April 8, 2021, 6:17 p.m. ET
Ms. Simpson said the board expects attendance to grow 35 percent in 2021 by 2020, but doesn’t expect to see 2019 levels until 2024.
With the reopening of further companies, the board will begin to be marketed to domestic visitors. The reopening of the city’s museums, as well as the theme parks and live outdoor events. (Disneyland in nearby Anaheim is slated to reopen in late April.)
“It’s been an incredibly tough year for the restaurant industry, but a bubble of hot new restaurants recently opened in LA,” said Ms. Simpson as well as several new hotels.
Las Vegas has seen a number of reopenings including the restart of pool parties at a number of hotels.
“When you’re in Vegas trying to go into a pool, it isn’t easy,” said Derek Stevens, who is the owner and chief operating officer of Circa Resort & Casino. “It’s like trying to book a dinner reservation on New Year’s Eve. You don’t do that the day before. “Seats at the pools of its facilities, which include two other hotels, are booked a month in advance as capacity limits are reduced and social distancing is increased. This shows that there is a demand for vacation travel. Hotels and other venues in the city are limited to 50 percent capacity.

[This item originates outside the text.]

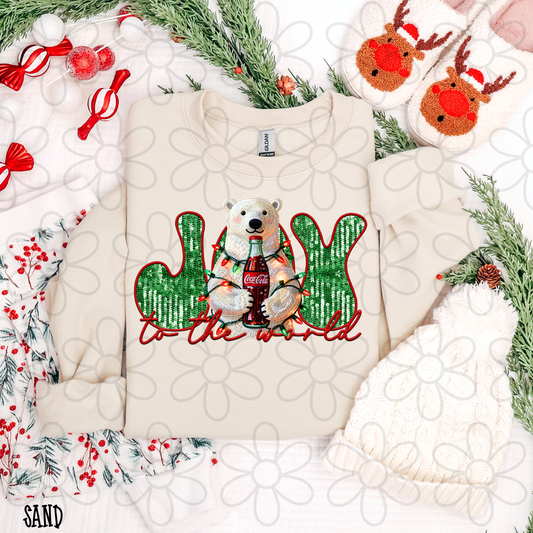 Joy To The World Bear Coca Cola DTF Transfer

While Easter weekend is historically the second slowest weekend in town, this year was different due to March Madness, the annual NCAA basketball tournaments. “Everything was packed to the limited capacity level,” he said. “On Saturday all of our venues were occupied at 10 a.m. due to the Final Four. I think that was the case all over Las Vegas. “
Mr Stevens said there have been signs that the Vegas tourism industry has been recovering since the Super Bowl in February and that its three hotels have sold out every weekend since then. “I’ve never seen a booking like we’ve seen in the past three months. This is the strongest booking I’ve ever seen, ”he said.
However, there is still a decline on weekdays due to the lack of conferences or conventions. “What we are seeing is a tremendous pent-up demand for vacation travel, which will be all summer long, but doesn’t necessarily mean business travel will follow suit,” he said.
While New Orleans saw a boom over the spring break, Passover, and Easter, there is still a long way to go “before our $ 10 billion hotel industry is fully recovered,” said Kelly Schulz, senior vice president of communications for New Orleans & Companies.
Hotel occupancy was inconsistent, ranging from 20 to 49 percent between January and March, in some cases up to 90 percent on important weekends in the French Quarter, Ms. Schulz said.
Hotels were a little more than 68 percent occupancy last weekend, according to STR, a global hospitality data and analytics company.
“New Orleans has one of the lowest Covid positivity rates in Louisiana and one of the highest vaccination rates,” Ms. Schulz said. She hopes this, along with “the easing of restrictions, including the return of live music, is another sign of brighter days to come.”
People also seem to be planning future trips. Sixty percent of NewOrleans.com visitors plan to travel in the next three months. Ms. Schulz notes that she is “optimistic for the fourth quarter of 2021 with a congress and festival plan”.
Although summer vacation travel is expected to keep the industry alive, Rogers said business travel will need to resume to get the industry back to 2019 levels.
“While we are optimistic, we are afraid and concerned about what happens after Labor Day when all of these vacation trips are over?” he said. Business travel, he said, “is absolutely necessary if we are to survive.”